EXERCISE — Could you give back exactly the lines below from the one with "Miniwallet Original Red Red" through the one with "Triangolo Top 10", without a single picture?

### THE DATA

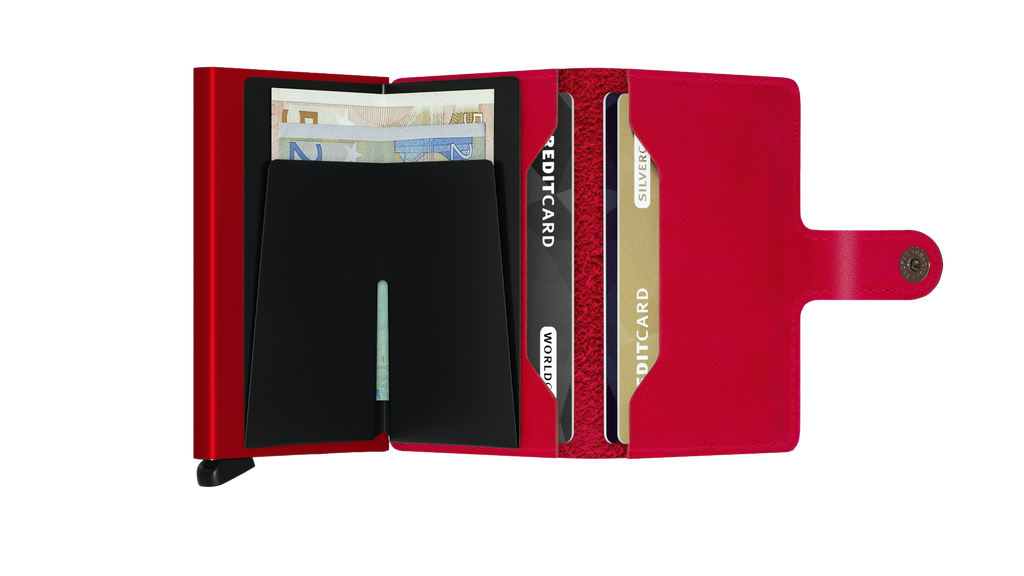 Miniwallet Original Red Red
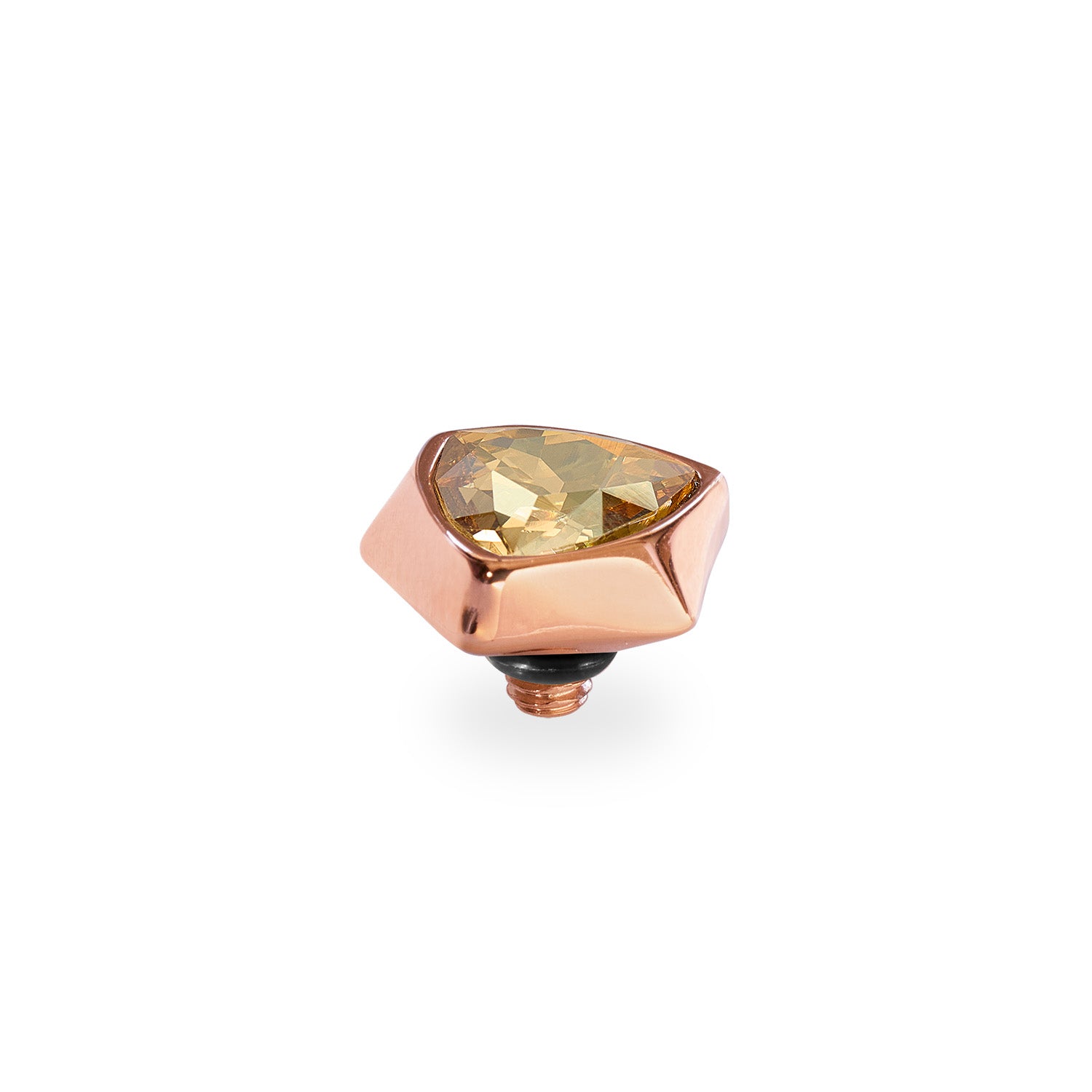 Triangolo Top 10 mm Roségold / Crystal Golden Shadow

######
### THE DATA

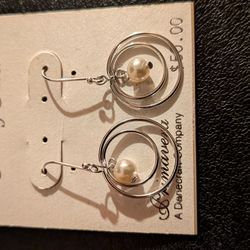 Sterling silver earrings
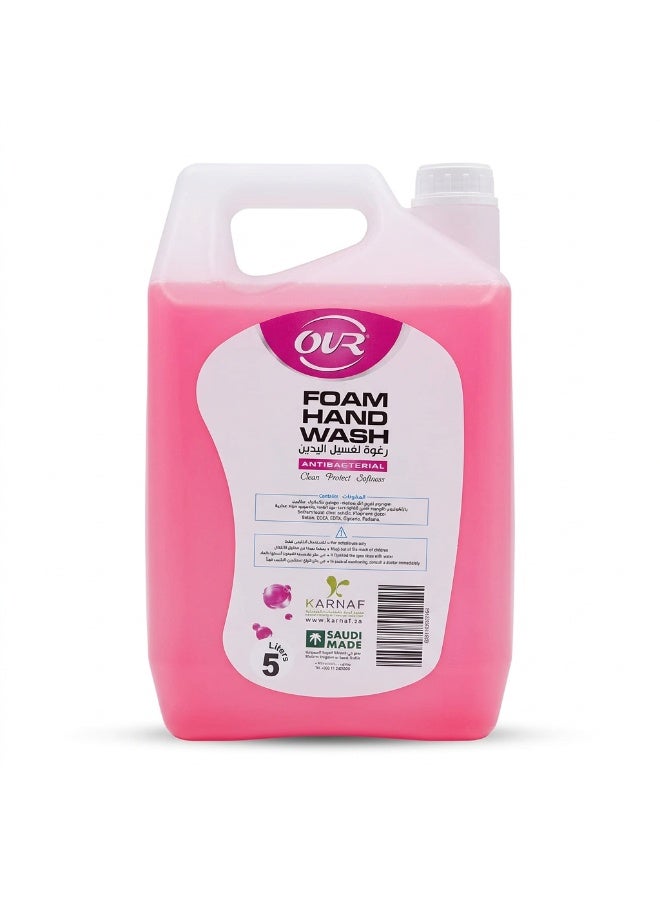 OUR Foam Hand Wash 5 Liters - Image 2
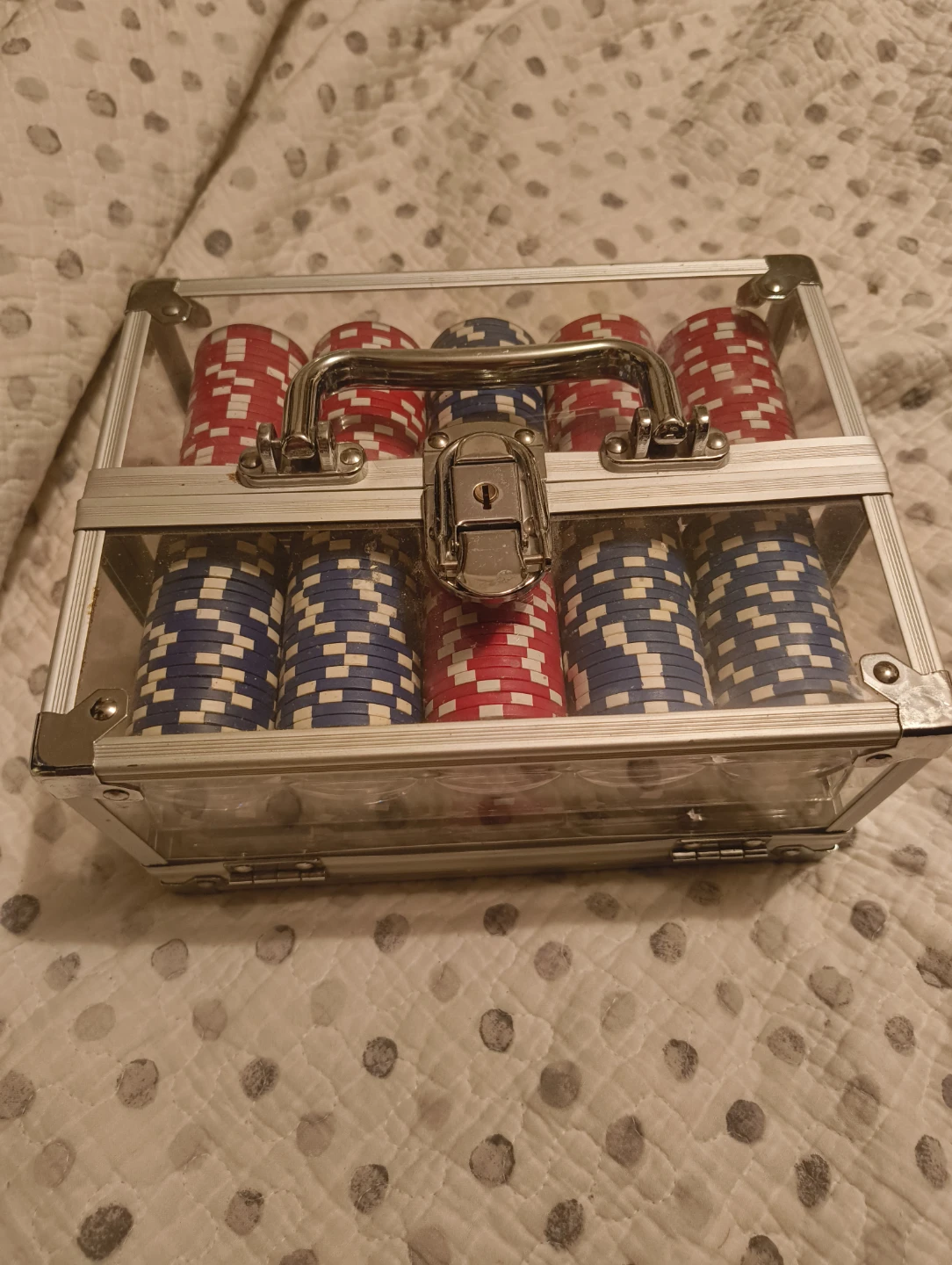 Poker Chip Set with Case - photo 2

######
### THE DATA

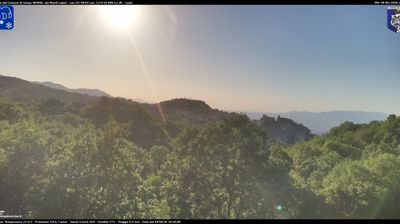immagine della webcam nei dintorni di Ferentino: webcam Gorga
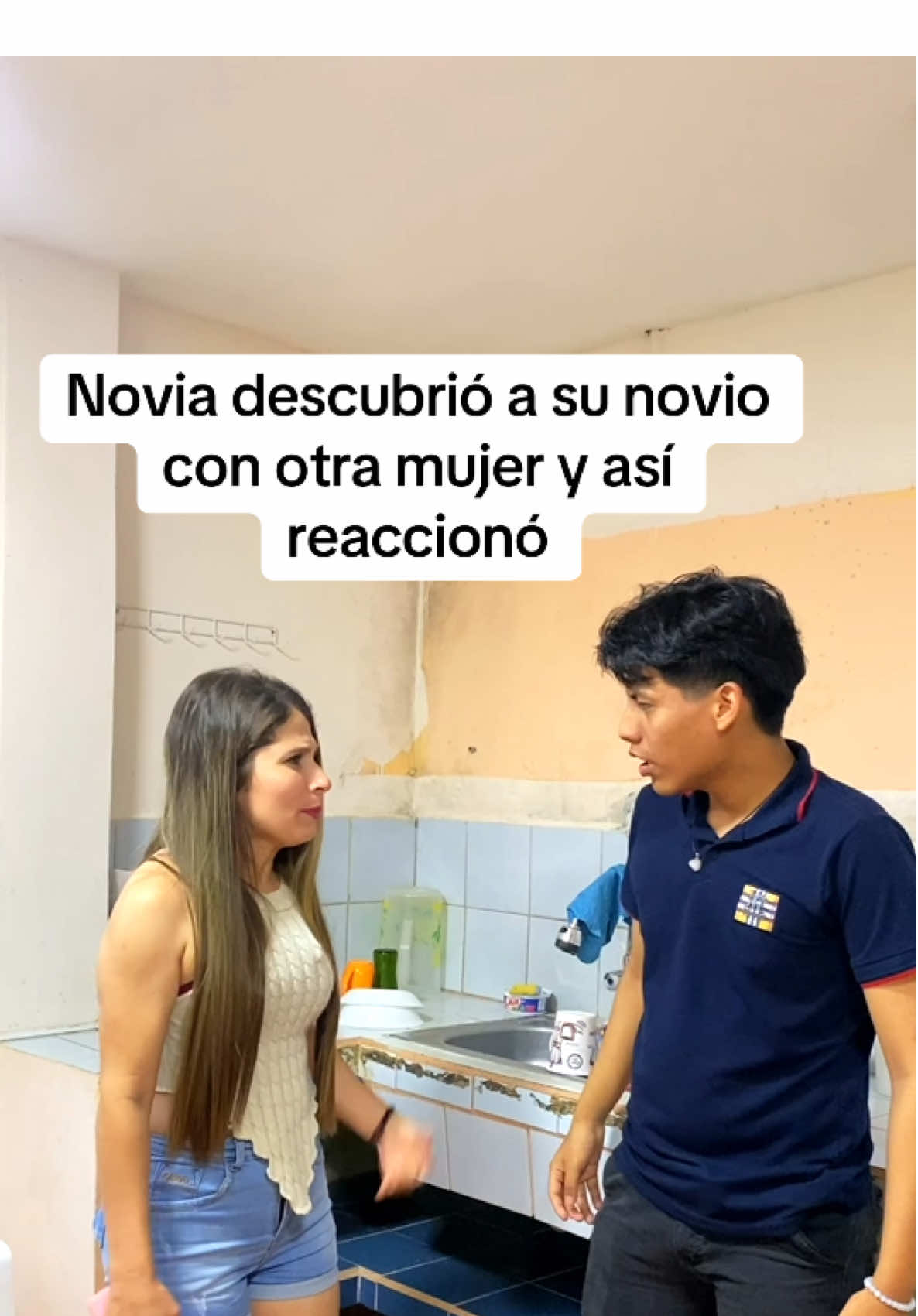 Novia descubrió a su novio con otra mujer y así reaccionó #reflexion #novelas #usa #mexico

######

RESPONSE TO THE EXERCISE —
 Miniwallet Original Red Red
 Triangolo Top 10 mm Roségold / Crystal Golden Shadow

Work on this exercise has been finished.